Please restate the data below word for word, omitting all images.

-------- Data section --------

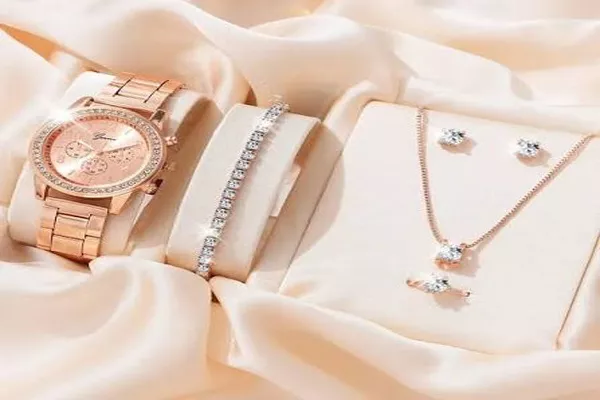 عوامل تعیین اجرت طلا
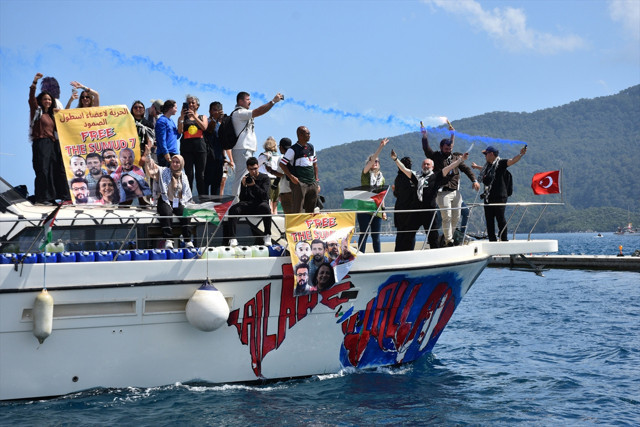 K&uuml;resel Sumud Filosu Gazze'ye gitmek &uuml;zere Marmaris'ten demir aldı - Resim: 2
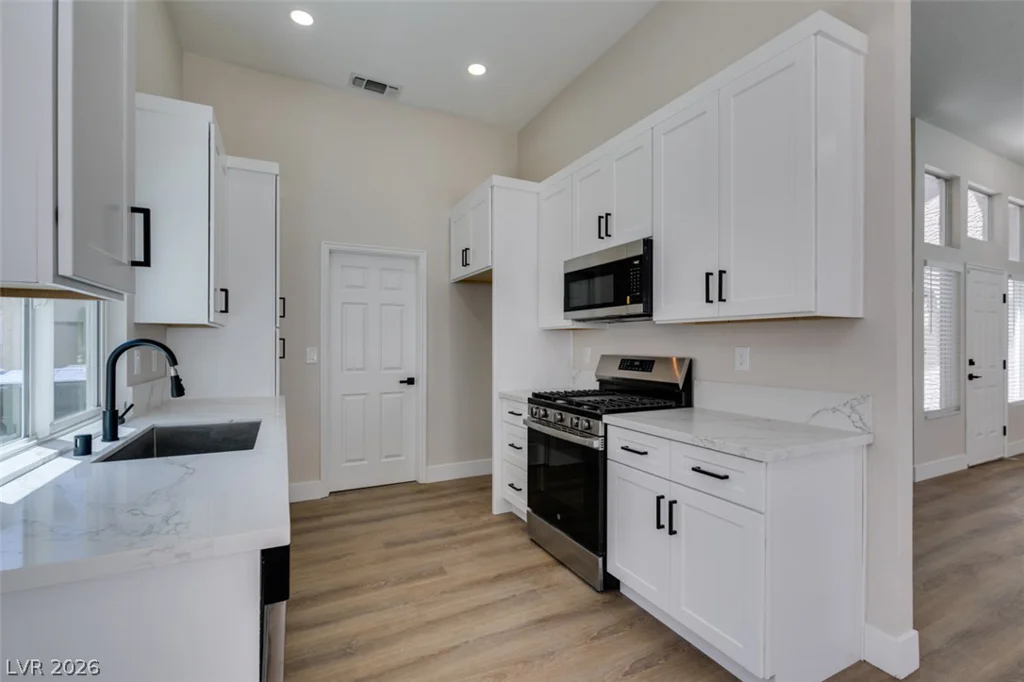 272 Grand Teton, Henderson, NV 89074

--------

• Written solution:
 عوامل تعیین اجرت طلا
 K&uuml;resel Sumud Filosu Gazze'ye gitmek &uuml;zere Marmaris'ten demir aldı - Resim: 2
 272 Grand Teton, Henderson, NV 89074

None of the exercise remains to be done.